### TO DO
Report all lines of the data below that hold the word "with".

---- EXTRACTED INFORMATION

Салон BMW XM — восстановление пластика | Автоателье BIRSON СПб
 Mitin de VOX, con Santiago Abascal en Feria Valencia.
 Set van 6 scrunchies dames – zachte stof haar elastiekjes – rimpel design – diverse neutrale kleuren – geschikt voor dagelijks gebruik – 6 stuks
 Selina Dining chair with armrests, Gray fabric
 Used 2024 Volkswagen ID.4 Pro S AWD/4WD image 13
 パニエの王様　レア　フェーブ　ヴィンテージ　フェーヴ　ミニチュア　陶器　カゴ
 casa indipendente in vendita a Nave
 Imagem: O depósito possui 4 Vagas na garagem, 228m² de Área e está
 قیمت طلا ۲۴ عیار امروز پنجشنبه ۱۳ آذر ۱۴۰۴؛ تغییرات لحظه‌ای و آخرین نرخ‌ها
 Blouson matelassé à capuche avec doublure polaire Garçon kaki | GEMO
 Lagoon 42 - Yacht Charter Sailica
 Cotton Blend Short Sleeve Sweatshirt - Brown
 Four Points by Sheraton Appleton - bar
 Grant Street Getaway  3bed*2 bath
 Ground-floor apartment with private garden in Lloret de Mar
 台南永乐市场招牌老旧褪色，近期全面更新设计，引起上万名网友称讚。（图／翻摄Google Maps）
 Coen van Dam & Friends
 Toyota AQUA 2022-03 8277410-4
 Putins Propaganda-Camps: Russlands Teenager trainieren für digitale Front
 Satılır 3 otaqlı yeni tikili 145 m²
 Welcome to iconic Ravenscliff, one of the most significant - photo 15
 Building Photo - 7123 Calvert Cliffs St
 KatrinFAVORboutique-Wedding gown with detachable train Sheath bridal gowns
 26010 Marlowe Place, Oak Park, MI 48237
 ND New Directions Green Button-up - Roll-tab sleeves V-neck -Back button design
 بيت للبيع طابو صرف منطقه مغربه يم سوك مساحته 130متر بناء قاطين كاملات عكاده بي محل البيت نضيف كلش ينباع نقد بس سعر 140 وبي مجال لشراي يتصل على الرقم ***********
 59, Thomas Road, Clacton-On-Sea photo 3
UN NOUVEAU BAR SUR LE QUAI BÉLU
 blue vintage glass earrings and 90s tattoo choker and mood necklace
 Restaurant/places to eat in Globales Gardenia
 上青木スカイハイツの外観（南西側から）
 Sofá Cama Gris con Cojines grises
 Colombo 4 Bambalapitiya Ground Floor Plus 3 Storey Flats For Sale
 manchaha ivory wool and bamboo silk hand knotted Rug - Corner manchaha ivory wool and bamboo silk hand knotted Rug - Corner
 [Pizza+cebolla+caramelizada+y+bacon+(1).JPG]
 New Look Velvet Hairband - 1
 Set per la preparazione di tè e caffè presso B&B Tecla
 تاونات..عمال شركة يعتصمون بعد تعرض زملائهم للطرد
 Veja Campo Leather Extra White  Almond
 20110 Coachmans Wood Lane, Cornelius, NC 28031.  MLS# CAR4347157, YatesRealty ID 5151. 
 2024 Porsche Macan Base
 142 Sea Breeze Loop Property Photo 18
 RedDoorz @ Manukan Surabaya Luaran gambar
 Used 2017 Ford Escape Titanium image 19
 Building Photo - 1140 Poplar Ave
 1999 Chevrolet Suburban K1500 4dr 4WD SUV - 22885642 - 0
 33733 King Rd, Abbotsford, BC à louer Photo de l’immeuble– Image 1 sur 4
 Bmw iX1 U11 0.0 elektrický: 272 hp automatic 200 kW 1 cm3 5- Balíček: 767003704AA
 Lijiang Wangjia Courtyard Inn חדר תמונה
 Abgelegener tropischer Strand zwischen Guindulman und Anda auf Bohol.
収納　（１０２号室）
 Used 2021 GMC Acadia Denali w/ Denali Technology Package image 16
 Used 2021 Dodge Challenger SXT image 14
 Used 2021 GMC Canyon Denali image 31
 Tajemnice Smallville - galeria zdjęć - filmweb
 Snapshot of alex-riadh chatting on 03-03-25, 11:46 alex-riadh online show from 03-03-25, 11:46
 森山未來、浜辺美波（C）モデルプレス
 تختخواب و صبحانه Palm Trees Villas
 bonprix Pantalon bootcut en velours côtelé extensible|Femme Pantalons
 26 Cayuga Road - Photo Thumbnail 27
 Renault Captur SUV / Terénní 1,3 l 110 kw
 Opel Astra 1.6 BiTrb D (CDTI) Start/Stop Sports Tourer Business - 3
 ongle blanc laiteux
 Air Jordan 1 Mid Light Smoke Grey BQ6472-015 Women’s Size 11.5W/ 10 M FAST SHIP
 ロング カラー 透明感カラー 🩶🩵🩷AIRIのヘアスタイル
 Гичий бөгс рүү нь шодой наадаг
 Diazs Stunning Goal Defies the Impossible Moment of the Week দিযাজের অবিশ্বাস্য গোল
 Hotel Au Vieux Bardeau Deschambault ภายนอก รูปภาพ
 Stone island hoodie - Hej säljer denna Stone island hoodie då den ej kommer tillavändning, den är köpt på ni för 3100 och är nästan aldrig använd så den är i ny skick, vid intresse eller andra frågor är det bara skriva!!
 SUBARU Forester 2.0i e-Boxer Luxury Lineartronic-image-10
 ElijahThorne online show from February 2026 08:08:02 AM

--------

### TASK ANSWER
 Selina Dining chair with armrests, Gray fabric
 Ground-floor apartment with private garden in Lloret de Mar
 KatrinFAVORboutique-Wedding gown with detachable train Sheath bridal gowns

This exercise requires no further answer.